À la fin du paragraphe, nous trouvons : « A ce stade l'agitation des communistes indiens ne devrait pas concentrer la lutte la plus acharnée contre la bourgeoisie, mais devrait la tourner contre le principal ennemi immédiat actuel, le bloc impérialiste-féodal au pouvoir. »
Je considère que cette déclaration ne donne pas une appréciation réaliste de la situation en Inde et de l'attitude contre-révolutionnaire croissante de la bourgeoisie envers le mouvement révolutionnaire national. Cette formulation peut conduire à une bévue tactique.
Maintenant, j'en viens à une autre question qui se trouve dans le dernier paragraphe des thèses de la page 37, paragraphe 32. Ici, en décrivant les activités des partis ouvriers et paysans et en tirant les conclusions de leur expérience, il est dit : « Les partis particuliers, ouvriers et paysans, aussi révolutionnaires soient-ils, peuvent facilement se transformer en partis petits-bourgeois ordinaires. Par conséquent, l'organisation de tels partis est déconseillée, tout comme le Parti communiste ne peut pas se construire sur une base d'amalgamation de deux classes, il est tout aussi erroné d'organiser d'autres partis sur cette base, qui est typique des membres petits-bourgeois. »
Il me semble que certains camarades font un cauchemar, qui est le résultat de leur propre fantasme irrationnel, que le Parti Ouvrier et Paysan se substitue au Parti communiste. Personne n'a jamais avancé l'idée que le Parti Ouvrier et Paysan deviendrait un substitut du Parti communiste.
Les éléments petits-bourgeois d'un pays arriéré qui ont été prolétarisés sont parfois plus prolétarisés que le prolétariat lui-même. L'intelligentsia petite-bourgeoise, la petite bourgeoisie urbaine, a un rôle à jouer dans le mouvement révolutionnaire des colonies. Quelle devrait être l'expression organisationnelle d'un front anti-impérialiste des éléments petits-bourgeois ? Pouvons-nous nous permettre d'inonder le Parti communiste d'éléments aussi petits-bourgeois ? Nous ne le pouvons pas. D'autre part, le Parti communiste indien devrait utiliser les énergies révolutionnaires de la petite bourgeoisie. Je pense qu'il est clair que ce front anti-impérialiste ne peut prendre que la forme organisationnelle d'un Parti Ouvrier et Paysan composé de l'intelligentsia urbaine et des éléments petits-bourgeois sous la direction du prolétariat.

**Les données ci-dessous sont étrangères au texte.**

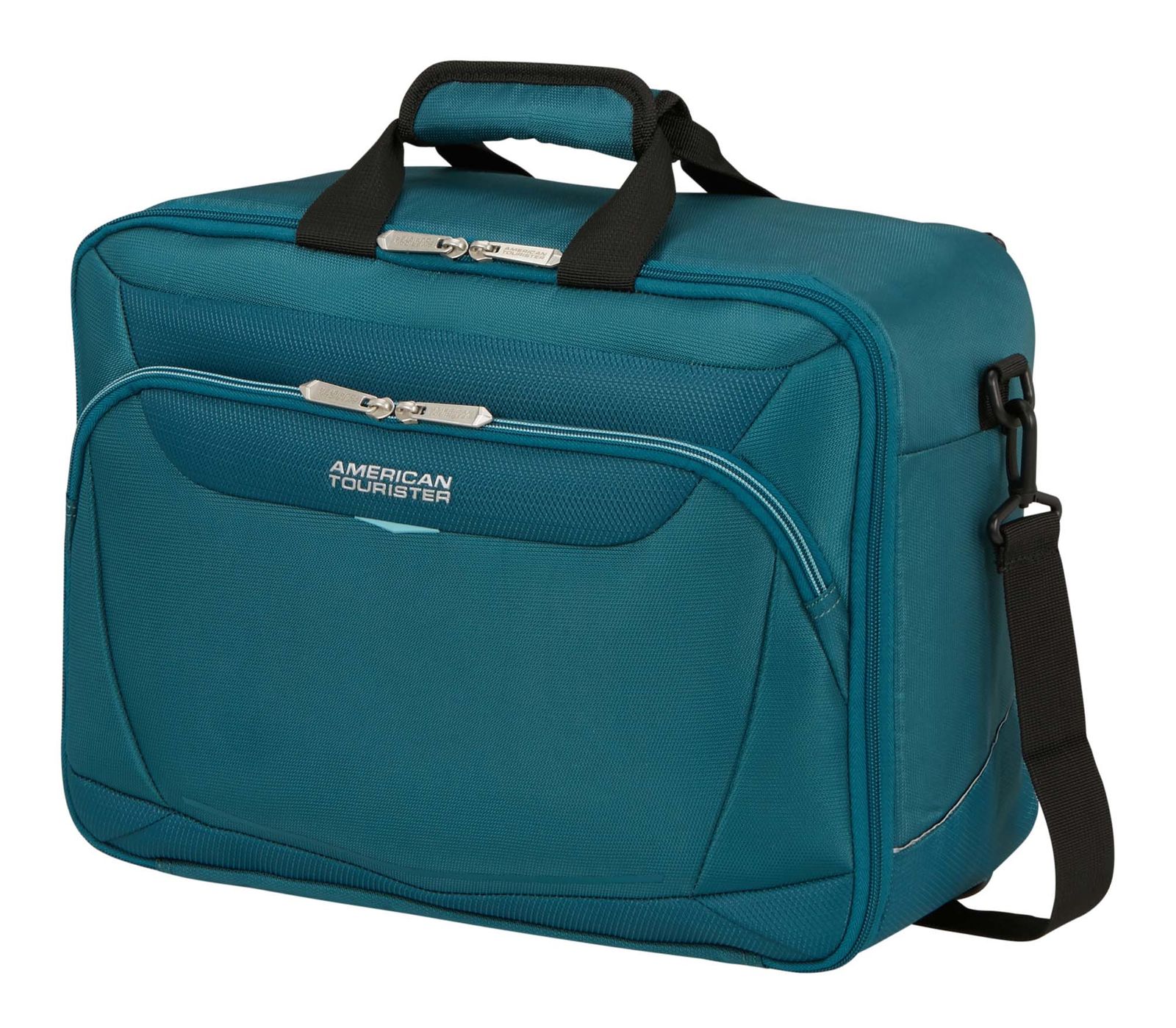 American Tourister Summerride 3-Way Boarding Bag Totally Teal American Tourister Summerride 3-Way Boarding Bag Totally Teal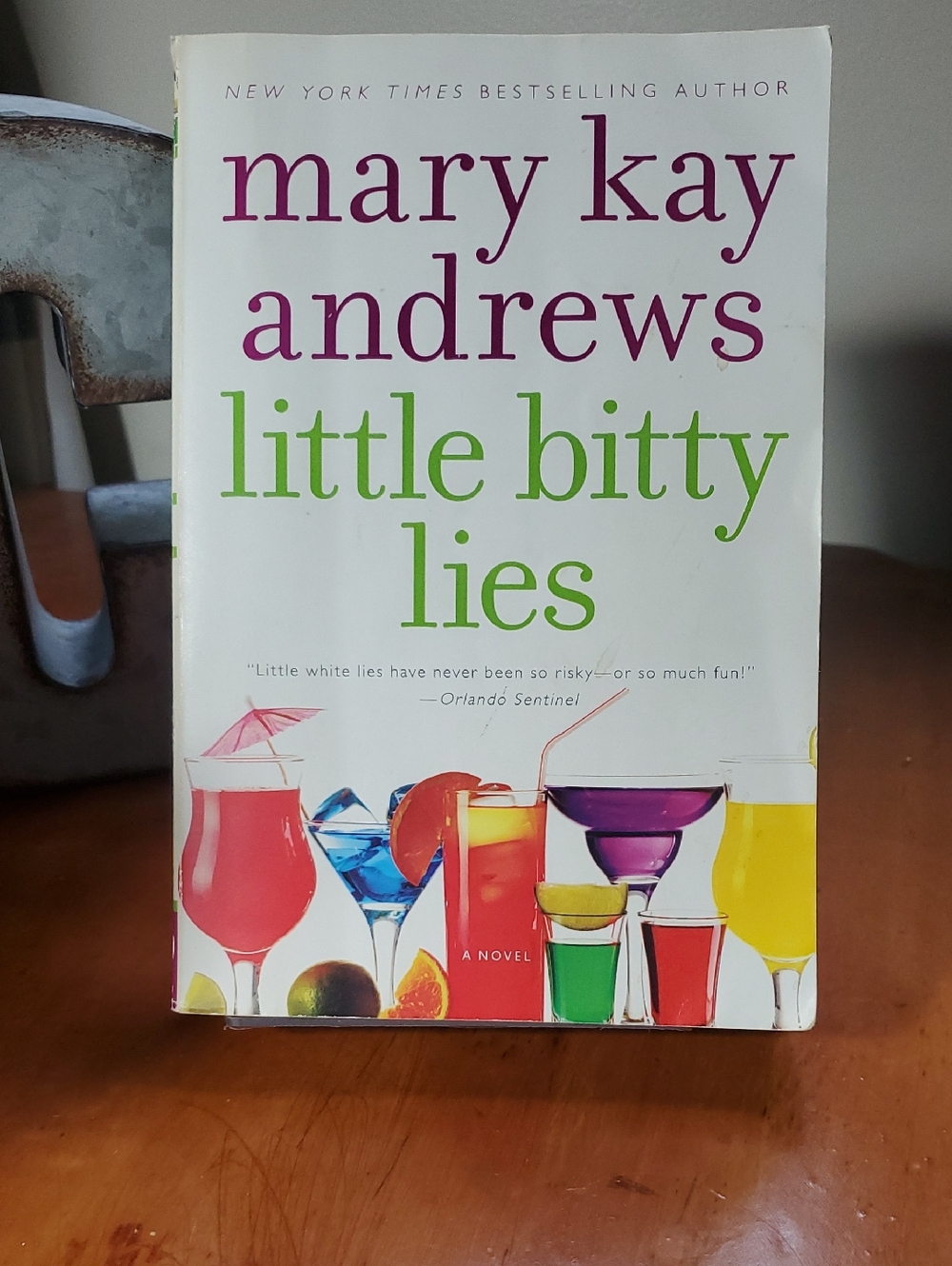 Little Bitty Lies By Mary Kay Andrews (10)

Ces Partis Ouvriers et Paysans, qui ont vu le jour en Inde en 1925, ont poursuivi une ligne d'action déterminée. Ce parti a organisé 30.000 travailleurs à Bombay dans des manifestations contre la sous des slogans révolutionnaires tels que « A bas l'impérialisme » et « Indépendance totale de l'Inde ». Les mouvements de grève sont aujourd'hui dirigés par le Parti des Ouvriers et des Paysans. La grève à Lilloah[2] était menée par le Parti des Ouvriers et des Paysans sous le contrôle du Parti communiste indien. Nous avons pu reprendre certains syndicats. On nous dit maintenant de liquider tous ces Partis Ouvriers et Paysans. C'est du dogmatisme professionnel pur et simple contre lequel Lénine nous a tant de fois mis en garde.
Mais si nous regardons la situation en Inde elle-même, quels sont les canaux par lesquels les communistes font sentir leur influence parmi les masses ? Je pense qu'il est tout à fait clair que, sous la direction du Parti communiste de l'Inde, les Partis Ouvriers et Paysans sont des canaux précieux pour la propagation des idées communistes en Inde. Il n'y avait pas de tendance de gauche dans le mouvement national indien avant que les Partis Ouvriers et Paysans n'apparaissent sur le terrain. Aujourd'hui, tous les éléments de gauche du pays tournent autour de ces organisations, et une certaine cristallisation des forces de gauche s'opère à travers ces partis.
Et, par conséquent, je pense que la formulation en question est fausse, à la fois tactiquement et en principe.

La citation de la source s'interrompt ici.